Winchester'S drugs service is seeking extra funds to reduce the misery of people waiting months for treatment.

The Community Substance Misuse Service, based in Romsey Road, has been criticised for allegedly failing heroin addicts who have to wait up to ten months for the substitute methadone.

The city's MP Mark Oaten is demanding that extra cash is pumped into the service.

Manager Rob Tipper said the service was fully stretched and doing all it could to help drug addicts. But it was operating on a budget of only £180,000 a year

Mr Tipper said he had applied for more money from the North and Mid Hampshire Health Authority

Heroin addiction is a chronic problem in Winchester. The service has some 200 clients on its books. It currently has funding for 90 to be treated with methadone.

In August the waiting list grew to 76 people but has now dropped to 55, said Mr Tipper.

The waiting list has become a problem in the two years since Winchester GPs stopped prescribing methadone.

But the situation is likely to improve when a specialist mental health trust covering most of Hampshire and part of Wiltshire is set up next year.

Mr Tipper said: "We are as frustrated about the fact we have a waiting list.
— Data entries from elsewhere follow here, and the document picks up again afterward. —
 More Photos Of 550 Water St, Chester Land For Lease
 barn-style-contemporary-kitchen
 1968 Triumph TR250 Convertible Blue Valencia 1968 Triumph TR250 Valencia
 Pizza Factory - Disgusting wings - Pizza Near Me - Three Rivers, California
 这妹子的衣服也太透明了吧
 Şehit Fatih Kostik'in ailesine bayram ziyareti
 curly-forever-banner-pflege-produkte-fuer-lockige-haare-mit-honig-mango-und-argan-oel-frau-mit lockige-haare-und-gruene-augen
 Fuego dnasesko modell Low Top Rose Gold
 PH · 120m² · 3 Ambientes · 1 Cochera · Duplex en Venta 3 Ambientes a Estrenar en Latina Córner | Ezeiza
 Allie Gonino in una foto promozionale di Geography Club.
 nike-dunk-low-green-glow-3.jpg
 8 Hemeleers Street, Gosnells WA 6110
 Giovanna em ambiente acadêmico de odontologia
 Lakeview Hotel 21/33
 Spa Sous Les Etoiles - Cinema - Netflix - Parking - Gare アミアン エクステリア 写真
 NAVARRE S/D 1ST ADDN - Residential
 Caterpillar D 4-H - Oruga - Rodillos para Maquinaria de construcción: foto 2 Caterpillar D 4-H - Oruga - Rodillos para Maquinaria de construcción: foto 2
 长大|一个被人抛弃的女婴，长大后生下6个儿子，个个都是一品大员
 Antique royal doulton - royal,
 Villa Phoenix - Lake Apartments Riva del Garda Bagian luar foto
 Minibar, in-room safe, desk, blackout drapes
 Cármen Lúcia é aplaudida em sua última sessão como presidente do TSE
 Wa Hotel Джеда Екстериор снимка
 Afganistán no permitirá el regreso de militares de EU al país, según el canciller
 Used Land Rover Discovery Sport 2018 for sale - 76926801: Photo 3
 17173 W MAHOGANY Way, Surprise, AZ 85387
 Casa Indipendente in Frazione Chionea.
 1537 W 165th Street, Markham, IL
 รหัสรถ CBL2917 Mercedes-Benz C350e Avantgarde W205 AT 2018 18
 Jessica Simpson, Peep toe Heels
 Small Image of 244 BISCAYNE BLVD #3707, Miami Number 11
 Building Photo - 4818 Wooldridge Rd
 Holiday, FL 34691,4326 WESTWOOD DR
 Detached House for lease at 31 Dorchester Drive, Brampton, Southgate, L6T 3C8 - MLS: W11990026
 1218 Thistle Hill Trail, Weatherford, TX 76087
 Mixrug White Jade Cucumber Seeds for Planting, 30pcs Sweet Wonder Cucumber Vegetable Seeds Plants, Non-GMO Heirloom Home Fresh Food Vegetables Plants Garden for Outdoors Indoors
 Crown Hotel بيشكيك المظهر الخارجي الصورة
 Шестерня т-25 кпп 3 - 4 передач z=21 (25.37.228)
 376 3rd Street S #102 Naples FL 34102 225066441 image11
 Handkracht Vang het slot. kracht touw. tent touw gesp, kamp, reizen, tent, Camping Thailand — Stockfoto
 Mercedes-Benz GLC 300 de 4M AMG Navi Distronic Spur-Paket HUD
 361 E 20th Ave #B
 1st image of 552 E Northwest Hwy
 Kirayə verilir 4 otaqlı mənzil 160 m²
It is not the way we want to provide a service.

"The solution is not to provide more prescriptions, we need more staff to work with clients and provide counselling.

"That helps clients get back from a chaotic lifestyle to a stable lifestyle where they don't need to fund the purchase of often-impure street drugs, damaging their health, sometimes involved in crime. We have many examples of people living drug-free lives."

Mark Oaten believes the length of time addicts are being forced to wait for treatment is "disgraceful".

He said: "It is one of the most appalling figures I have learned of this year.

"In that waiting period the addict can lose their job, probably their family and they are in the cycle of having to fund a drug habit of £40 to £50 a day.

"It is a cycle of events which means the person who could have been treated in week one is a very different kind of person after 50 weeks of waiting."

He is also critical of the time it takes the health authority to make a decision on the extra funding.

He said: "I am getting concerned that it is taking so long for the Health Authority to respond but I am hopeful that some emergency money can be found."